After a long effort by LGBTQ parents, prospective parents, and other advocates, the State of New York will finally legalize gestational surrogacy—and simplify and strengthen the laws around recognizing nonbiological parents and single parents in all families formed through reproductive technologies.
The Child-Parent Security Act, which was sponsored by New York State Senator Brad Hoylman (D) and Assemblymember Amy Paulin (D), will be passed as part of the 2020 New York State Budget. The new law will legalize gestational surrogacy (where the surrogate is not genetically connected to the child because she did not contribute her egg), provided that the arrangement follows “best practices” that protect the interests of the surrogate, intended parents, and child. Under the law, compensation would be allowed for medical and insurance expenses related to gamete retrieval and storage, the pregnancy, and up to eight weeks of recovery, but not for purchase of gametes or embryos or to pay for relinquishing a parental interest in a child, and may not be conditioned upon the purported quality or genetic traits of the gametes or embryos. The law will also establish a Surrogate’s Bill of Rights.
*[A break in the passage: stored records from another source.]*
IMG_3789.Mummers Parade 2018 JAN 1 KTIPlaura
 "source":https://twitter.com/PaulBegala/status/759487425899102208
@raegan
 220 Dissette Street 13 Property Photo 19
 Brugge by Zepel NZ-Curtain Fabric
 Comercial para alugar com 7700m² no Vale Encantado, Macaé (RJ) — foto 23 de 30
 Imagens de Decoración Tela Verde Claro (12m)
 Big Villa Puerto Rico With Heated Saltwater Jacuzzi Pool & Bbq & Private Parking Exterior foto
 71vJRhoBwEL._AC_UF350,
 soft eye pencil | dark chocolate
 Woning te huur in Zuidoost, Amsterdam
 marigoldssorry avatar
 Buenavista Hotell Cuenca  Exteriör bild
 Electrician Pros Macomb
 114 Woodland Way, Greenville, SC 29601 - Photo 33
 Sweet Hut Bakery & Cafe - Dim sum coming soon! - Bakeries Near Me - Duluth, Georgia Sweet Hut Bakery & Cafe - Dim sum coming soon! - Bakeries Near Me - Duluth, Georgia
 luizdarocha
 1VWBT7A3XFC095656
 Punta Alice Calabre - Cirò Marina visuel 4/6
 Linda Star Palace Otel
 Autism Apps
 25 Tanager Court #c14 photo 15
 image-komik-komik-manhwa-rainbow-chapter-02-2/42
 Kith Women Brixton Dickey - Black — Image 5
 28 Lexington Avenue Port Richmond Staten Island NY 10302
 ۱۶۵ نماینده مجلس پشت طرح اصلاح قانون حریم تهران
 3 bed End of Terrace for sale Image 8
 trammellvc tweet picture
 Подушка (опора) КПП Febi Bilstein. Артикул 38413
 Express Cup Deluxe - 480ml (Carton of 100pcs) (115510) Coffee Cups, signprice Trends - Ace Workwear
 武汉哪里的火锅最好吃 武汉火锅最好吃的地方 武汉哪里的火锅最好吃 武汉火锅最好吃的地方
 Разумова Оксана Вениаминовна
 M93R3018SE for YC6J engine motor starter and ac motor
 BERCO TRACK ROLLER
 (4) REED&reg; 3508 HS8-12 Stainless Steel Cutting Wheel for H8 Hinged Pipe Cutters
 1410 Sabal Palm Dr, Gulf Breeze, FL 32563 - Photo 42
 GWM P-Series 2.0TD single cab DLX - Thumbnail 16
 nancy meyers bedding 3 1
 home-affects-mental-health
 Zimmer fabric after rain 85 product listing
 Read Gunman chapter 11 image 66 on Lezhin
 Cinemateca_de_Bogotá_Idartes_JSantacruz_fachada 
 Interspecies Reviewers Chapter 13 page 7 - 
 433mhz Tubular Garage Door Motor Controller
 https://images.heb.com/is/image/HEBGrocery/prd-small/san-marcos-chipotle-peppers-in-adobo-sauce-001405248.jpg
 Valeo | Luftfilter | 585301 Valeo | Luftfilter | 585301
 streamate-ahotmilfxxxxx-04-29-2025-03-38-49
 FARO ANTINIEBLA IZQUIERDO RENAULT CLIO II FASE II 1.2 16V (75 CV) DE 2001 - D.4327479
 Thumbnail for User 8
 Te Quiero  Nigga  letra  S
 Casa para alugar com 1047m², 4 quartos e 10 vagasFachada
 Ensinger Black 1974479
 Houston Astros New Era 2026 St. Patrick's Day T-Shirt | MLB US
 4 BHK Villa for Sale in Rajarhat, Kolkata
The Protecting Modern Families Coalition, which helped fight for the law, says this will be “the nation’s strongest protections” for surrogates, guaranteeing them:
The right to make all health and welfare decisions regarding themselves and their pregnancy, including whether to terminate or continue the pregnancy;
Independent legal counsel of their choosing, paid for by the intended parents;
Access to a comprehensive health insurance policy paid for by the intended parents;
Access to counseling and life insurance.
An earlier version of the legislation failed last June, in part from opposition by those who worried that surrogates would become wombs for rent. To my mind, while that is not an unreasonable concern, the protections for surrogates in the New York legislation are specifically designed to counter them.
The new legislation will also update state law to allow intended parents who use a sperm or egg donor to have a secure legal relationship with the child from the moment of birth. In cases where there are two intended same-sex parents, as I hope you all know by now, having both parents’ names on the birth certificate is not enough. That’s why LGBTQ legal experts still recommend that non-gestational parents do second-parent adoptions. Such adoptions, however, are often expensive, take several months to happen after the child’s birth (leaving the child legally vulnerable, should something happen to the gestational parent), and involve lots of paperwork and an intrusive home study. The new law will allow a nonbiological parent to instead file a free Acknowledgment of Parentage form or to seek an Order of Parentage, involving a much cheaper, simpler process (a single court visit), which could be completed before the child is born, and no home study. As a court judgment, this would be as legally binding as a second-parent adoption. It will also help end legal uncertainty for single parents who use a sperm donor.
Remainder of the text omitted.